The one person he could never hold responsible for all that had happened was Dean, even though his brother had been the one to break the first seal. How could he blame Dean for Hell living up to its name?
The unmistakable sound of a boot hitting the bottom of the door made Sam jump in surprise. Grateful for the interruption, he rose, crossed the room and opened the door, allowing Dean to enter, arms laden with bags filled with food and drinks. Dean put them on the table near the door and started distributing the contents.
Listlessly accepting a BLT, fries, and a milk shake, Sam pulled out a chair at the table and sat down.
As he took out a container of fries and a large hamburger, Dean apologized, "Sorry it took me so long, Sammy, there are a lot of beautiful women in this town. I can't believe we've never been here before. Hopefully, you've found a job that'll take a while."

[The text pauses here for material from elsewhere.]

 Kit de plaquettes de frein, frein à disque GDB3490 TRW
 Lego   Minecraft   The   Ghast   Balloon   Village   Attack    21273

Sam took a bite of his sandwich, hiding a reluctant smile. It never ceased to amaze him that a person could be so predictable and so unique at the same time. And always able to lift Sam's spirits, even when it wasn't obvious they needed lifting. After swallowing his food, Sam revealed, "Cas called. He said he may have a lead on God."
"About freakin' time. Maybe now I'll get my amulet back."
If Sam told most people Dean was sentimental, they would laugh in his face. Yet, after some twenty-two years of practically living in each others' pockets there was still so much they didn't know about each other. One thing was certain, life with Dean was never boring. Strangely, if it wasn't for the threat of becoming Lucifer's vessel hanging over his head, there were few things in his life Sam would choose to change.
However, near the top of the list would be driving more often so he could choose the music. He was sick of Metallica.